MERIDEN — Officials say the city’s emergency dispatch center — located inside Police Department headquarters — has become too small and inadequate to handle the center’s rising call volume.
The increase has prompted the city to pursue relocating the center.
The city is in the process of hiring a consultant who will assess different sites and make a recommendation later this year. Once a contract is awarded, the consultant will have six months to submit the study, City Manager Tim Coon said. The city has budgeted $50,000 for the study in its capital improvement plan.
Coon said he couldn’t offer an estimate for how much the relocation would cost,
“... it’s entirely dependent on what is recommended,” Coon said.
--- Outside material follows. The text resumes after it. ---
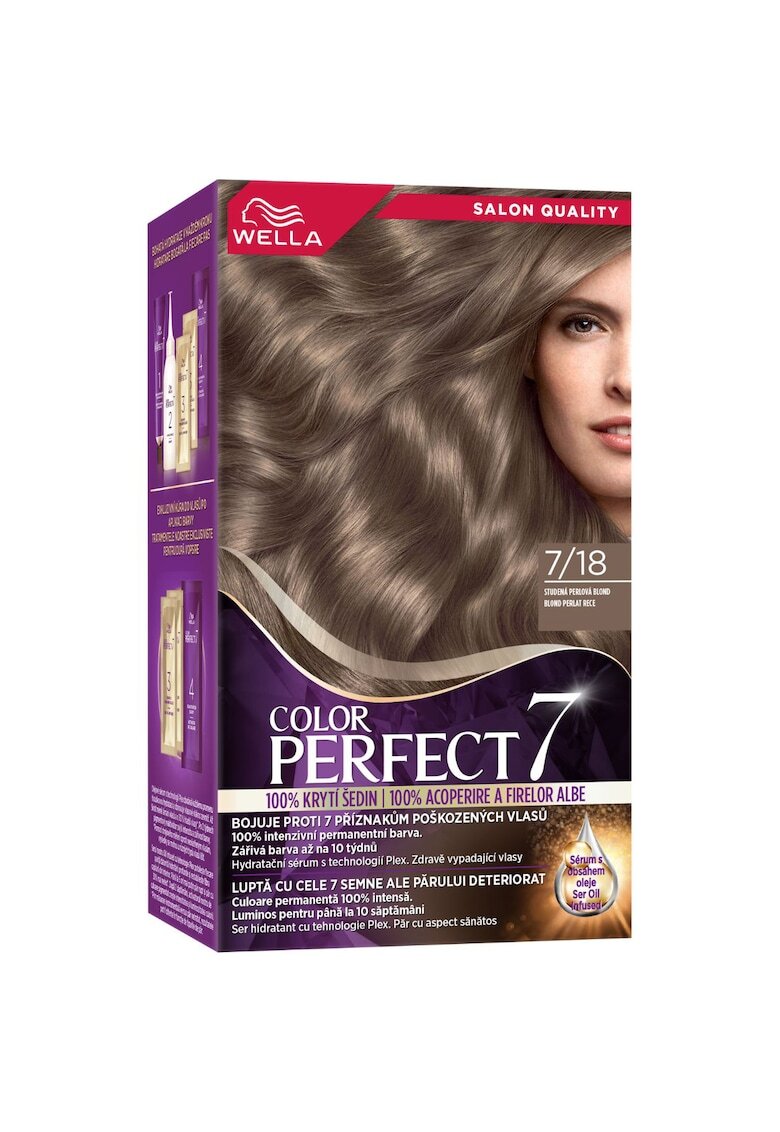 Wella Vopsea de par permanenta Color Perfect - 135ml - Blond Perlat Rece 7/18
Emergency Communications Director Doree Price brought up the relocation project earlier this month, during her 2020-21 budget presentation to the City Council’s Finance Committee. She called the relocation her “largest goal” for the next fiscal year.
“The center needs the ability to expand for increased call volume, request for assistance or, in special events, natural disasters and the like,” Price told councilors. “The relocation would also allow for additional consoles, equipment and the ability to train staff and have a break room or quiet area for the employees to go after a critical incident such as shootings or suicides. And for training, it would be really important, as well. Right now, they sit close together and there’s really no space for the trainee to sit.”
Price didn’t return a request for an interview this week.
The talks about relocation are happening as the center’s volume of CAD, or computer-aided dispatch, continues to rise. In 2019, the center received a total of 60,279 CAD calls, a 10.7 percent increase from 54,431 in 2018 and a 16.8 increase from 51,604 in 2017.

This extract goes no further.